Michael Sherwin wrote: The biggest reason why is that your make/unmake are inline inside of the perft function itself and do not keep tract of such things as the 50 move rule. My make/unmake are all set up as though they are for a real chess program. They also keep track of, on the fly, other things like the material for each side and the positional accumulaters for the piece-square tables. And other stuff. It is apples and oranges!

Well, they are in-lined that way in the search of Joker. Why would I not in-line them? They are not called from anywhere else, and they draw heavily on information that is available for free in the move loop, but would have to be passed on to them otherwise. And you should never keep track of the 50-move rule in an engine anyway...

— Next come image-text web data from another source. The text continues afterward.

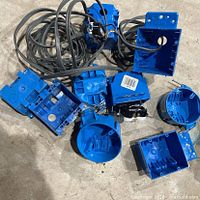 Pile of blue PVC electrical boxes with black cord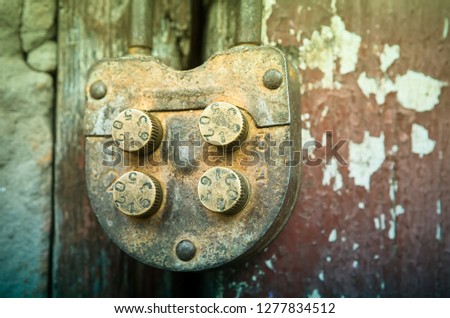 Old rural farm of peasants. On the barn hangs a lock with a code set on the numbers. Picture taken in Ukraine, Kiev region. Black and white image. Color image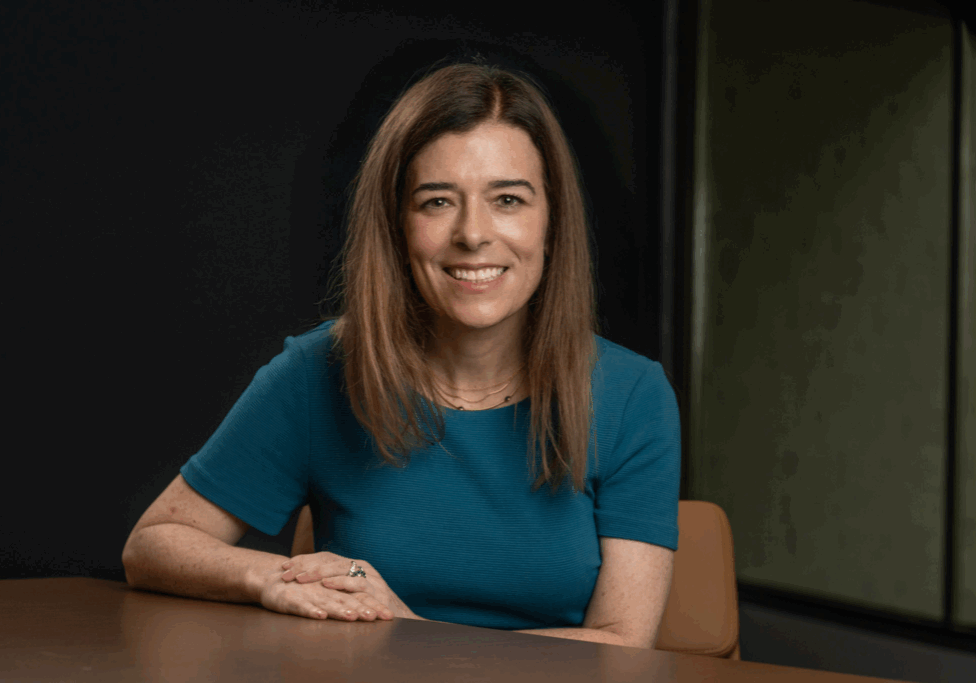 Amy Fogelman, MD, medical expert witness consultant and founder of High Rock Experts, seated at a desk and smiling, wearing a teal top. She provides expert witness training and connects medical professionals with attorneys for legal case support.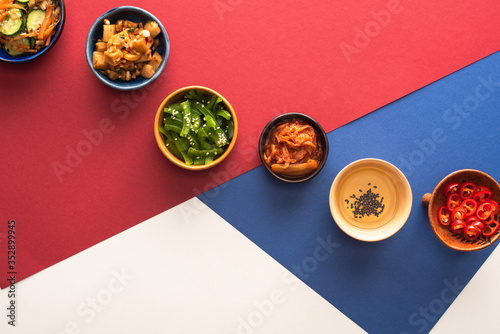 Φωτογραφία top view of bowls with korean side dishes and oil on blue, crimson and white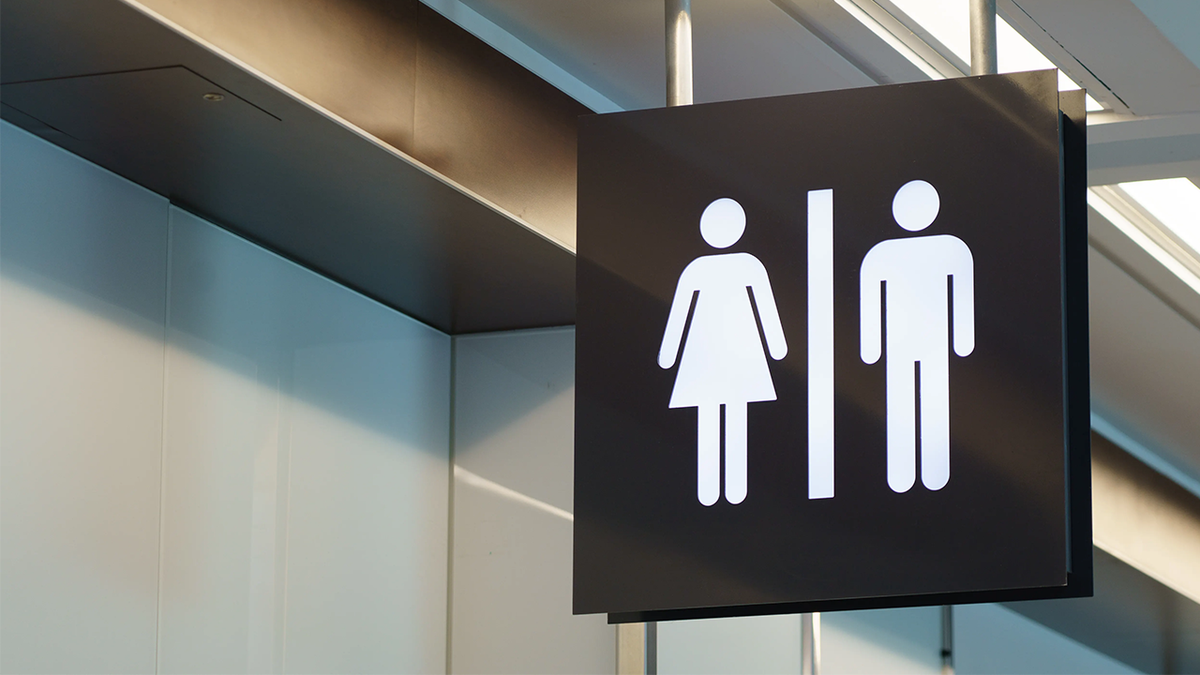Bathroom entrance sign indicating men and women restrooms.
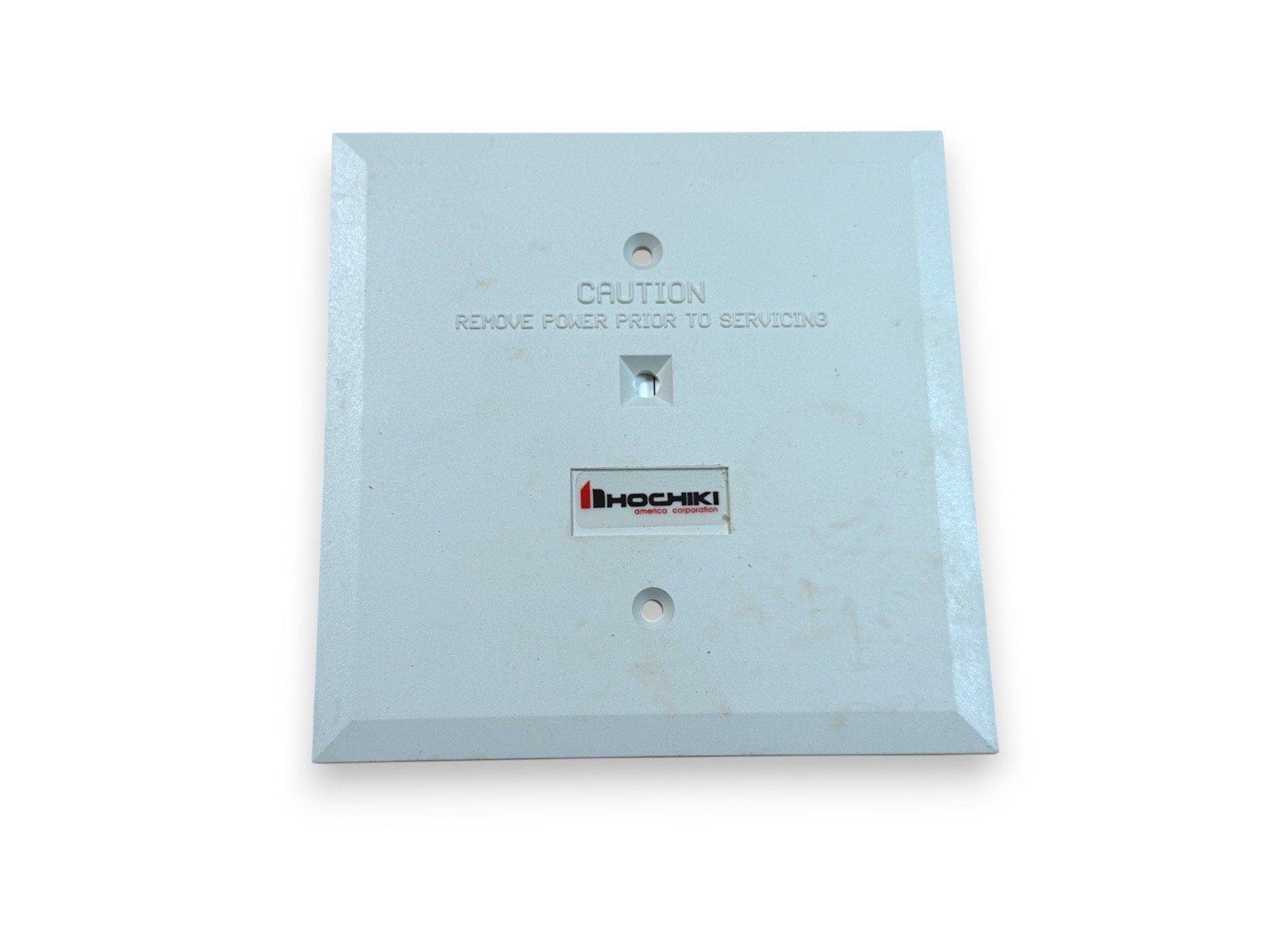 Hochiki fire alarm panel cover with caution label, used fire safety equipment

Material balance belongs in the evaluation, and evaluation can be arbitrarily complicated, and usually takes most time. There is no way guessing which fraction of the evaluation engines do differentially, and which not. So comparing perfts of programs that partly do evaluation is meaningless as well. You should either compare them with full evaluation, to get a measure for the speed of the Chess engine, or switch evaluation completely off to measure the speed of the move-generation / board representation.

There is no limit to what you could include, if you include everything you might as well just look at the nps of your engine, and not have any special perft function at all. What do your numbers include? Hash-key updating? Hash probing, although there is no hashing? Move sorting? Minimax score updating? Rep-draw detection?

If all differential updating you do is material composition and piece-square points, I don't think the amount of time needed for that would be very significant: it seems comparable in work to making the count breakdown by move type, which makes the difference between 77 and 84 sec on the Core 2 Duo. It would not involve any conditional branches.

It would still be interesting, though, to have the numbers on your machine, to get a clock-for-clock comparison of Pentium 4, Athlon and Core 2 Duo, even if they cannot be used to compare move generation schemes.

Michael Sherwin · Post by **Michael Sherwin** » Wed Jun 27, 2007 1:36 pm

Compiled with MSVC 6 default 'release' compiler switches.

Athlon 1500+
5) 0.313
6) 7.672
7) 201.453

Athlon 3400+
5) 0.141
6) 3.672
7) 97.922

P4 2GHZ Laptop
5) 0.380
6) 9.183
7) 154.623 Edit: this time is correct

486 DX4 100MHZ Laptop
5) 39.600

hgm · Post by **hgm** » Wed Jun 27, 2007 3:30 pm

Remarkable...

I suppose this was for the version that specifies captures, castlings, etc., that took 199 sec on my 2.8 GHz P4.

For perft(6) the laptop is nearly as fast as my 1.4 times faster P4 desktop (which is already strange, but can perhaps be explained by a better compiler). But perft(7) then it is actually much faster.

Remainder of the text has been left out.